The man accused of firing an assault weapon inside D.C.’s Comet Ping Pong this weekend told the New York Times he wanted to do some good, but went about it the wrong way.
Edgar Maddison Welch did not deny that he drove more than 300 miles from North Carolina to investigate the made up “Pizzagate” conspiracy theory. He said he regrets how he handled it.
A downcast and dejected Welch told the New York Times he went to Comet Ping Pong on Sunday “to do some good and went about it the wrong way.”
The 28-year-old North Carolina man said he drove for hours to take a “closer look” at the restaurant. Having immersed himself in bogus online conspiracy theories, Welch had become increasingly convinced “something nefarious was happening” at the Northwest D.C. pizza joint.
He spent roughly 20 minutes searching the restaurant for child sex victims, armed with a pistol and the assault rifle he fired inside. After he didn’t find any children, he peacefully surrendered to police.
“The intel on this wasn’t 100 percent,” Welch told the Times.
But he remained unconvinced that the fabricated stories that led him to the restaurant are false.
Welch told the newspaper he did not believe in conspiracy theories, then undercut that statement by calling for the 9/11 attacks to be re-examined.
He said he also listens to Alex Jones, the internet radio host who has long trafficked in vulgar conspiracies about the Clintons and sex crimes.
Welch denied using drugs.
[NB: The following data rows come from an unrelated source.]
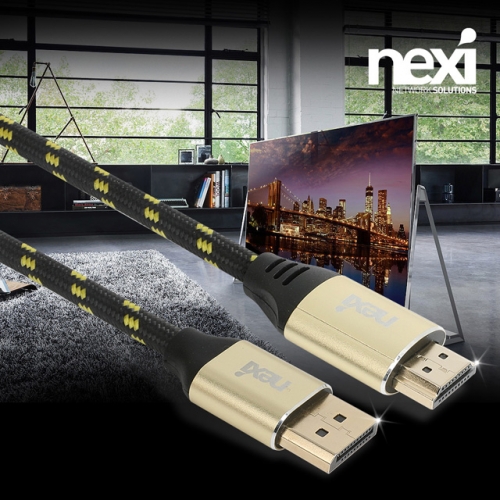 NX981 DP TO HDMI v1.2 파인골드 케이블 5M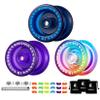 MAGICYOYO Pack of 3 Responsive Yoyos for Kids, Dual Purpose Yoyo with Unresponsive Yoyo Bearing for Adults Beginner, 3 Yoyo Bags, 18 Yoyo Strings, Yoyo Ball Accessories (Gradient Color) view 1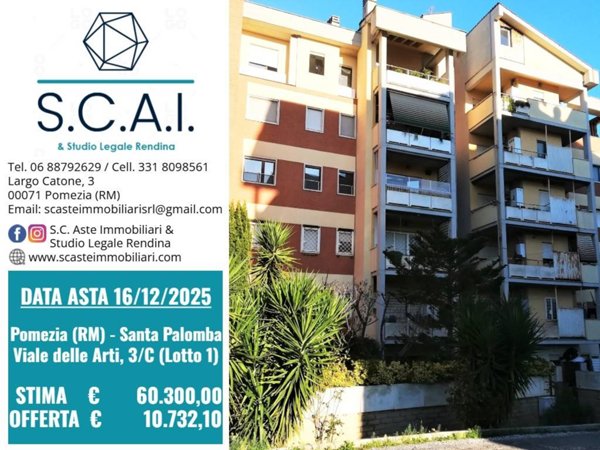appartamento in vendita a Pomezia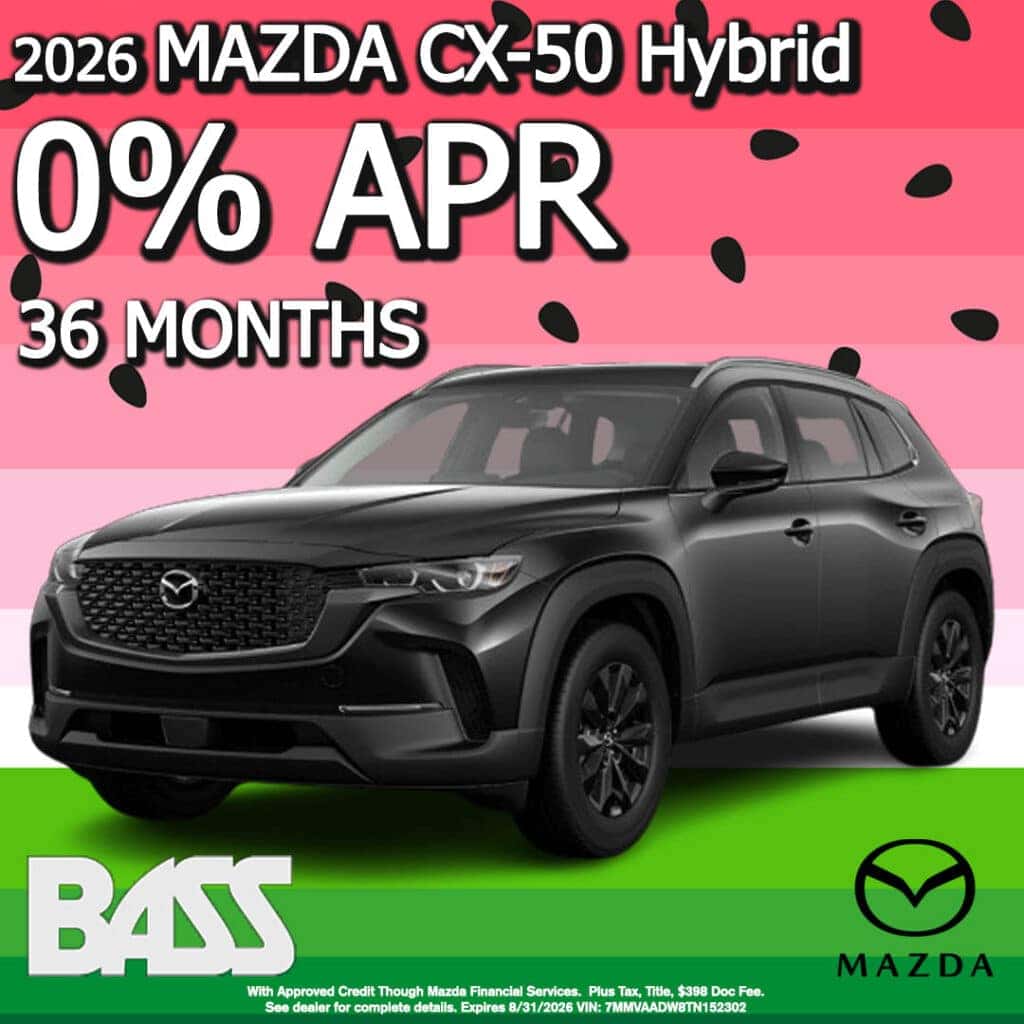 2026 Mazda CX-50 Hybrid – 0% APR for 36 Months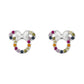 Minnie Sterling Silver Multicolour Stone Set Earrings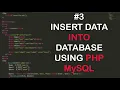Insert Data Into Database Using PHP MySQL in Hindi Php Tutorial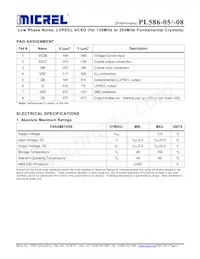 PL586-08DC Datasheet Page 2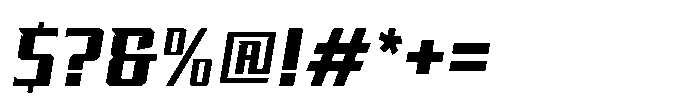 Drace Racing Font OTHER CHARS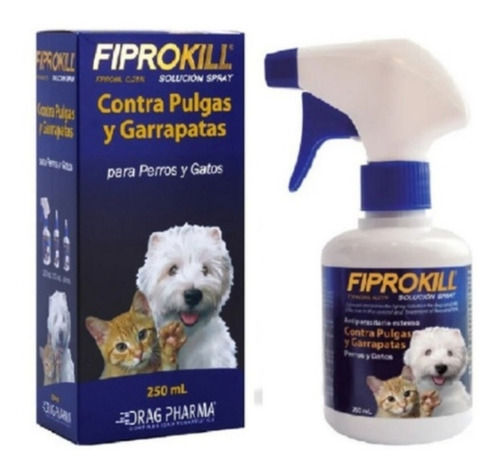 Fiprokill Spray 250ml Perro Gato Equivalente A Frontline Tps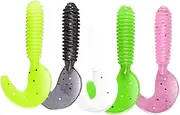 45-Pack T-Tail & Roll Tail Soft Baits Micro Thread Bait Set Complete Mixed Insect Bait Kit for Bass & Panfish Soft Plastic Baits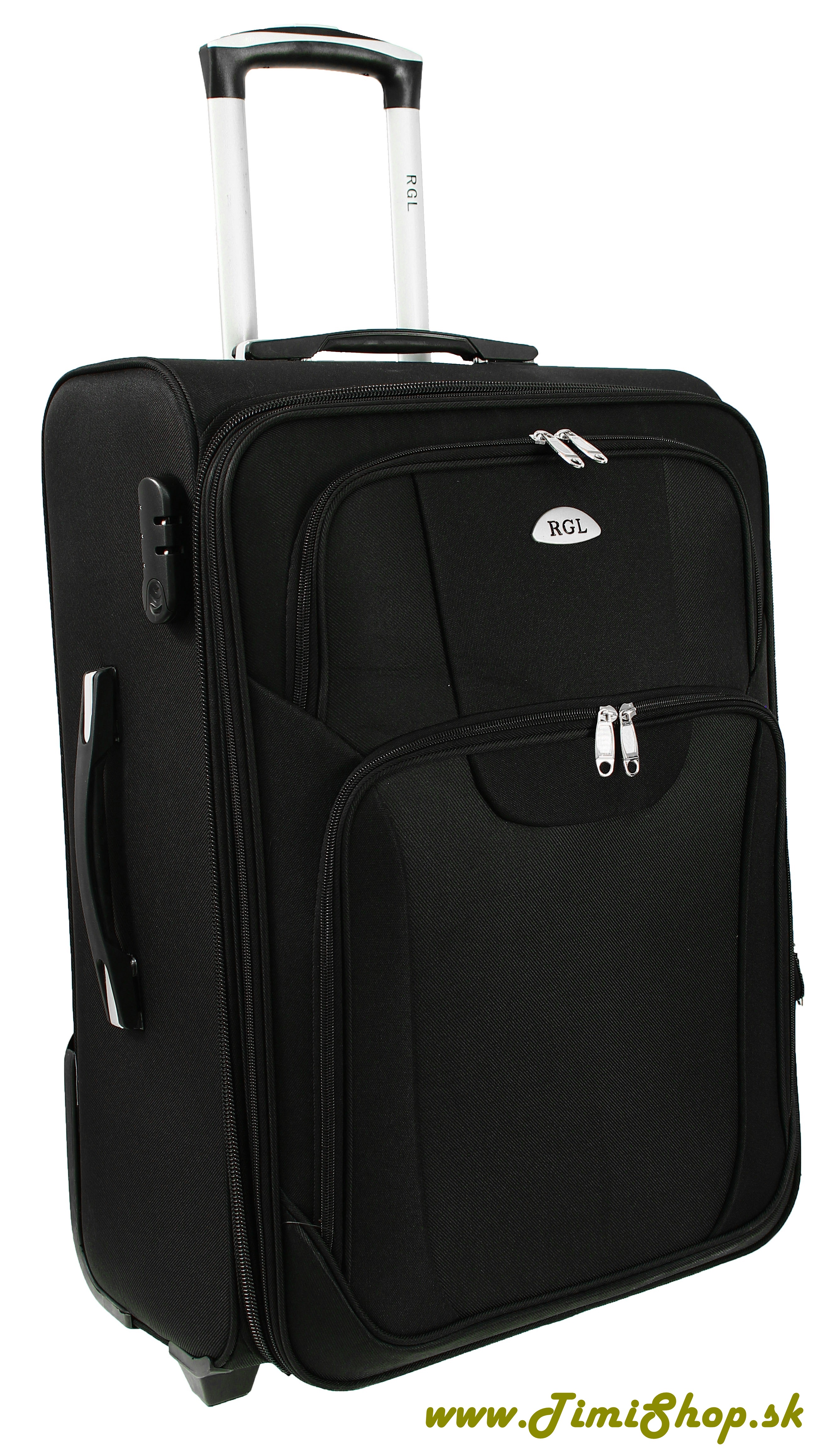 Stredný cestovný kufor XL - Čierna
He has several drug-related arrests.
In the Times 45-minute interview, Welch left the biggest question unanswered: He would not say why he brought and fired an assault rifle in the restaurant if he were only looking for children in trouble.
Despite the political nature of the Pizzagate conspiracy, Welch said he did note vote in the election.
His attorney did not return requests for comment about the interview. Welch will be back in court Thursday.